Items listed in a dataset
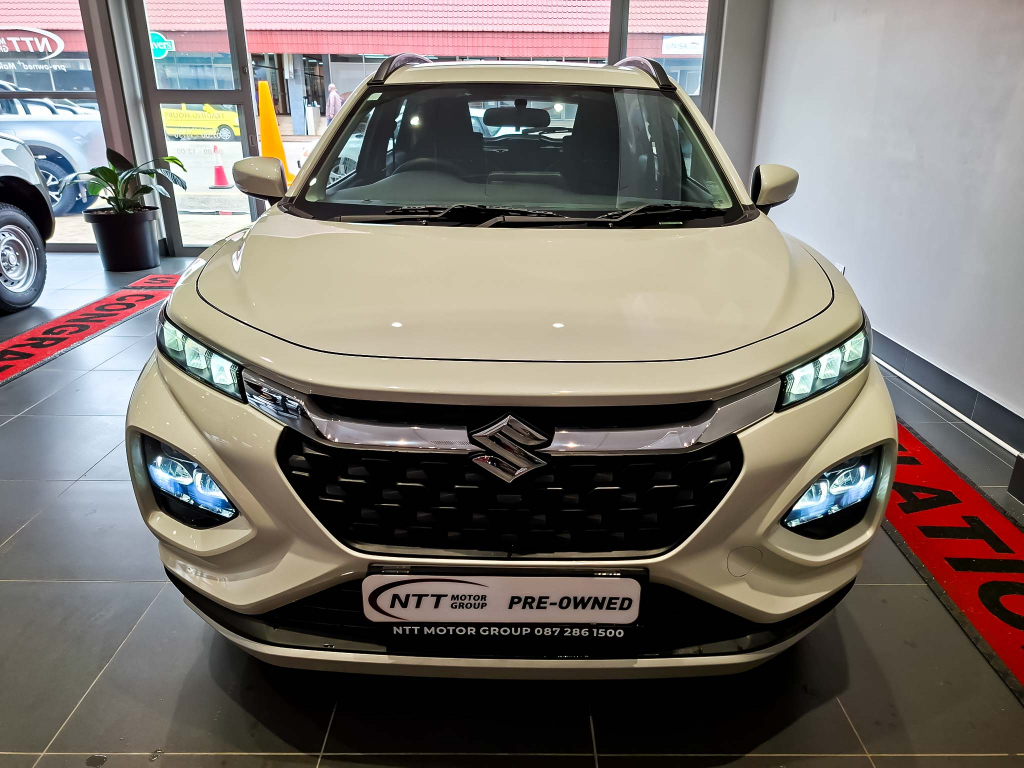 Used car gallery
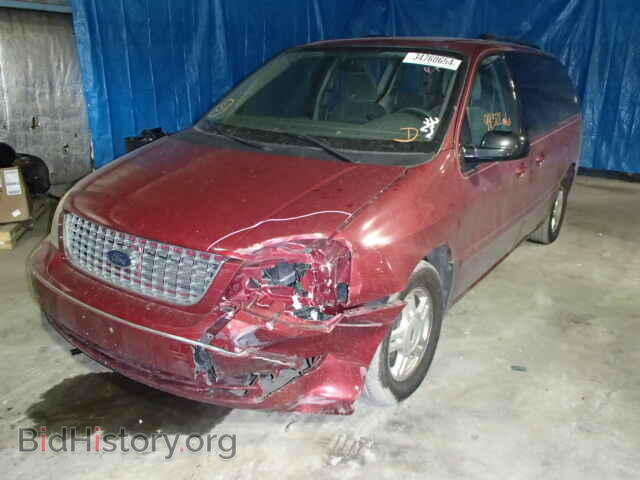 2004 FORD FREESTAR - VIN: 2FMZA52204BA49800 - Фото 2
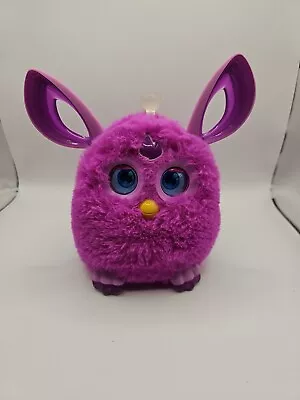 Buy Furby 2016 Hasbro Connect Bluetooth Smart Purple & Pink Working • 16£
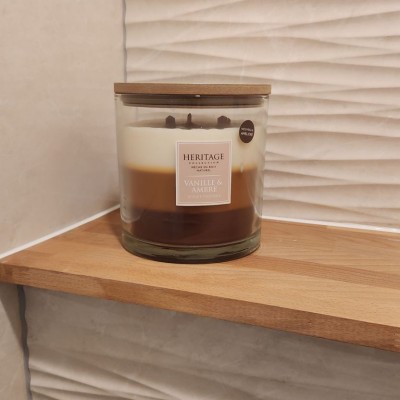 Dernière réalisation A.M.L plomberie chauffage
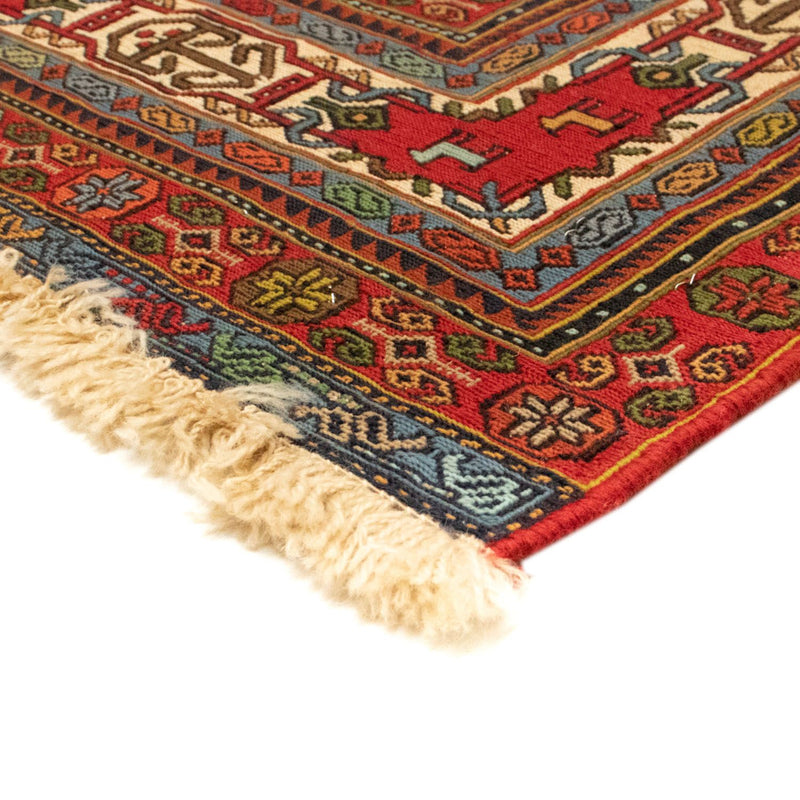 Persisk matta - Nomadic - 286 x 191 cm - flerfärgad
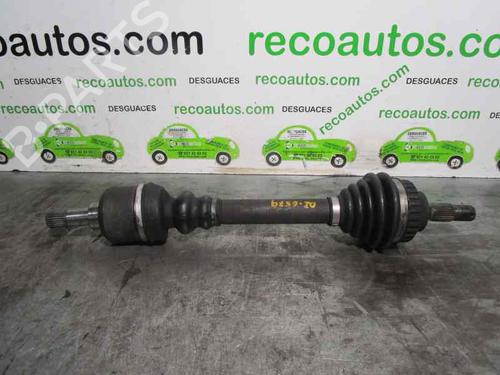 Used Left front driveshaft CITROËN XSARA (N1) 2.0 HDi 109 (109 hp) 2105119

EXERCISE DIRECTIONS ->
Copy out all the data exactly. No images belong in the copy.

OUTPUT OF THE EXERCISE ->
 Used car gallery
 2004 FORD FREESTAR - VIN: 2FMZA52204BA49800 - Фото 2
 Buy Furby 2016 Hasbro Connect Bluetooth Smart Purple & Pink Working • 16£
 Dernière réalisation A.M.L plomberie chauffage
 Persisk matta - Nomadic - 286 x 191 cm - flerfärgad
 Used Left front driveshaft CITROËN XSARA (N1) 2.0 HDi 109 (109 hp) 2105119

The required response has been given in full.